Bobby: You know I think it’s just different because the bands are different. The guitar playing is different, the styles are different. I grew up playing a lot of cover music, you know? Everything from basic rock and different styles, country music, whatever, plus progressive stuff like RUSH, YES and bands like that. So I think when you hear something you automatically identify it as sort of here and sort of there. So I just listen to it and try not to step a little bit- I mean, I want to step out from the norm and create something interesting, but how far I step is up to me. Because if there was something that was just a basic chugging riff I could play something crazy over it. I think about the band and what’s appropriate but I also it’s a little more identifiable, so it’s kind of a fine line. And sometimes that stuff works, you know? And sometimes it just needs a little tweaking, but I just listen and try to feel my way around the material.
And one cool thing when you listen to programming from something a guitar player will write, you can kind of hear where they’re going with it, what they’re hearing from the drums. Sometimes there’s crazy stuff that doesn’t really work because guitar players can’t program very well typically (laughs), but sometimes there’s some interesting stuff. Jim does really well with that and so do some of the artists I’ve worked with.
Amps: Do you have a favorite song off this record, or is it “I Am”? That’s mine, by the way.
Bobby: You know, I like a lot of the record for different things. I like the song “Lighthouse” where I only play at the end of it, some ambient drum stuff. I really love Ray’s voice on that song and just how dark it is. I like the progressive stuff on it and then there’s some stuff that’s a little more song-oriented, which I think is nice. Anytime you have Fates Warning fans you’re gonna have somebody that is a fan of maybe some of the poppier songs that aren’t so adventurous but they like the music in them. I’ve met several people on this tour that really like the last song “And Yet It Moves” just because it is an adventurous piece of music. So that’s cool, too.
Amps: What’s an album you’ve played on from all the artists and bands you’ve worked with that maybe stands out more to you from all the others?

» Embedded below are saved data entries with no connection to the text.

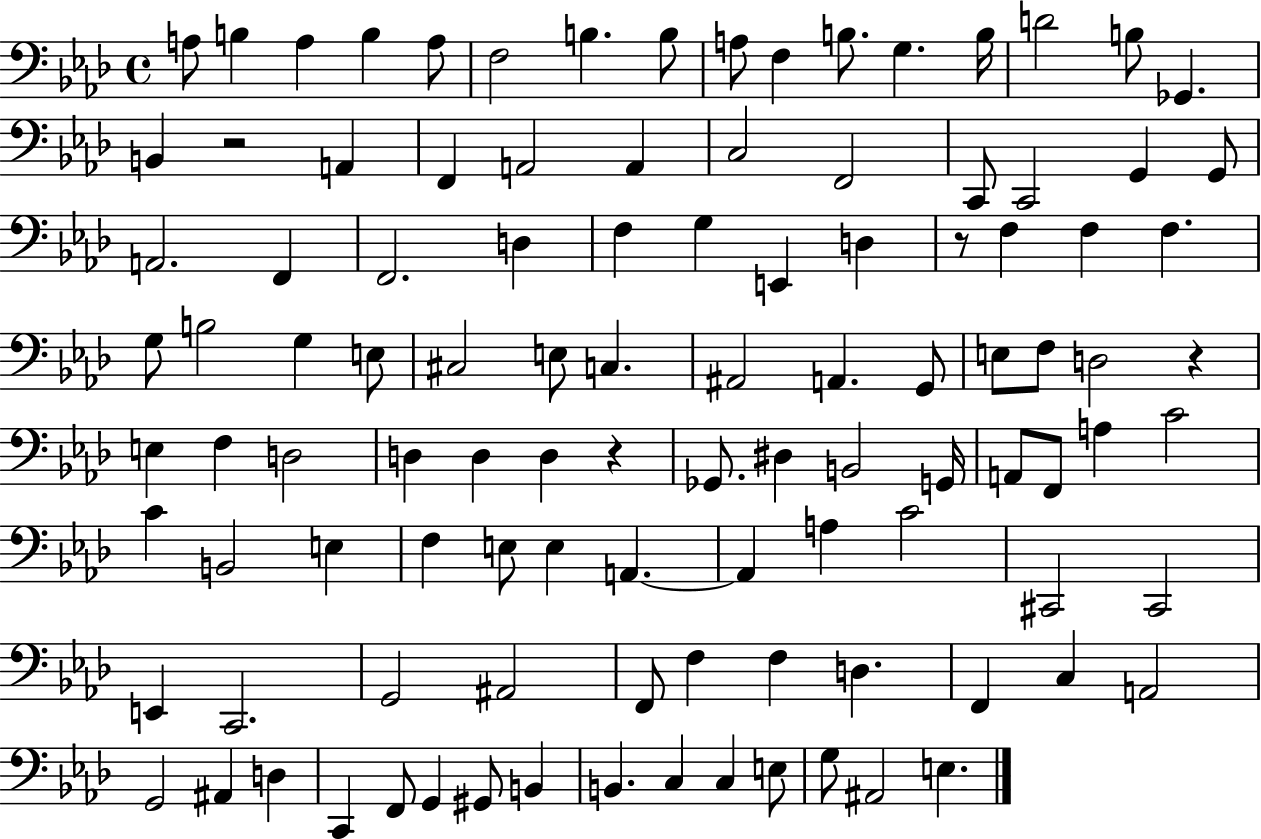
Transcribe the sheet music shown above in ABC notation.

X:1
T:Untitled
M:4/4
L:1/4
K:Ab
A,/2 B, A, B, A,/2 F,2 B, B,/2 A,/2 F, B,/2 G, B,/4 D2 B,/2 _G,, B,, z2 A,, F,, A,,2 A,, C,2 F,,2 C,,/2 C,,2 G,, G,,/2 A,,2 F,, F,,2 D, F, G, E,, D, z/2 F, F, F, G,/2 B,2 G, E,/2 ^C,2 E,/2 C, ^A,,2 A,, G,,/2 E,/2 F,/2 D,2 z E, F, D,2 D, D, D, z _G,,/2 ^D, B,,2 G,,/4 A,,/2 F,,/2 A, C2 C B,,2 E, F, E,/2 E, A,, A,, A, C2 ^C,,2 ^C,,2 E,, C,,2 G,,2 ^A,,2 F,,/2 F, F, D, F,, C, A,,2 G,,2 ^A,, D, C,, F,,/2 G,, ^G,,/2 B,, B,, C, C, E,/2 G,/2 ^A,,2 E,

Bobby: man, I think there’s several records that I’ve played on that I like for different reasons, like the SPASTIC INK stuff I did with my brother, that’s so progressive. Those two records stand out as being just crazy music and I’m proud of those for that reason. As well as I’m proud of Live Insurrection with HALFORD, double live record (my smile is ear-to-ear at this point!) because being onstage with Rob and doing those tours that we did, either supporting IRON MAIDEN or the solo stuff we did, and have it documented, playing the Resurrection material as well as the FIGHT stuff, PRIEST stuff, and growing up knowing how much of an icon he is and being able to play with him on two studio records and actually record live is just an amazing thing.
Amps: What do you listen to when you’re away from all your projects?
Bobby: You know, I listen to a lot of different things. I listen to some progressive stuff like PORCUPINE TREE, OPETH, KATATONIA, stuff like that. I’ll listen to country music because being from Texas and I grew up playing it and so I’m listening to country while I’m driving around town in my truck or whatever. I like the old 50’s classics, the Songbook stuff, ELLA FITZGERALD, FRANK SINATRA. My mood changes and my iPod is very weird as a result. Good music is good music.
Truer words were never said. Bobby Jarzombek and FATES WARNING put on a monster show later that night, and I have to admit I smiled just a bit more when “I Am” came on, knowing all that went into it. Darkness In A Different Light is available everywhere, so you really have no excuses. Go get your copy, already. And if it’s powerhouse drumming you’re looking for, the HALFORD stuff is skull-crushing, to say the least.